Lenten Reflection: Can We Enjoy What Lies Ahead?

Keven Smith · February 21, 2023

ONIGHT WAS TACO TUESDAY IN THE SMITH HOUSE. Because it’s Fat Tuesday. And tomorrow, the meat goes away. The scene around our kitchen island this evening was intense. My two older children and I circled that square of quartz in rapt concentration. I wish I could say our silence came from a deep and holy appreciation of the solemn season that’s about to begin. But I think it came more from a determination to get this meal right. A good plate of Mexican food must combine all the available elements in perfect balance.

And tomorrow, the meat goes away.

As I experienced the tastes and textures of this meal, I thought back to previous Fat Tuesdays. There have been years when I somehow fit in all my favorite treats the evening before Lent and enjoyed them deeply. This year, dinner wasn’t extraordinary (I make tacos regularly and didn’t even have any avocados handy tonight), and I ate it with more satisfaction than delight.

“What does it mean to enjoy something?” I wondered to myself. “Must I savor each bite and appreciate every flavor in the moment? Or does the real enjoyment come when I’ve finished the meal and am taking the time to digest it?

As the busy season of Lent descends upon us, I have the same questions about liturgical music.

A Common Dilemma for Church Musicians

Lenten liturgies place massive demands on choir directors and their singers. The organ falls silent, leaving the choir exposed. We see short Alleluia chants replaced by long, intricate Tracts. Every word of the Mass seems to weigh twice as much. And then the liturgies of the Triduum are almost too big to process.
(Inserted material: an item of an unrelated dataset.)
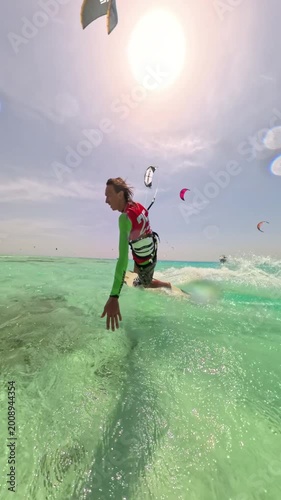 skilled kitesurfer jumping changing stance landing smoothly riding fast on turquoise sea under clear summer sky enjoying freedom adrenaline extreme sport lifestyle adventure travel energy outdoors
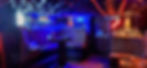 Cozy private venue with blue lighting and booth seating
I suspect that church musicians fall into two camps at this time of year. There are those who simply want to get through everything in one piece. It’s not that they don’t love liturgy; it’s that they fear the downside of having it go poorly. But after it’s all over, they wish they could have enjoyed it more—especially when they realize it exceeded their expectations (dedicated church choirs do tend to rise to the occasion when it matters most).

There are also those church musicians who enjoy Lent and Triduum liturgies so much, and anticipate them so eagerly, that it’s painful to have them fly by as they seem to do. Imagine looking forward to the Alleluia on Easter Sunday for months, humming it to yourself frequently, and then realizing as you’re in the middle of that spectacular melisma on “immolatus” that it’s all about to be over.

This used to be me. I love the Easter Cycle more than the rest of the liturgical year combined. But every year it seemed to go by more quickly, and before I knew it, I would be experiencing the withdrawal of Easter Monday.

How St. Augustine Can Help

I finally asked a good priest for advice on the matter. “Father,” I asked, “is liturgy meant to be cruel? Is it meant to get your hopes up, but then come and go in an instant and leave you hungry for more?”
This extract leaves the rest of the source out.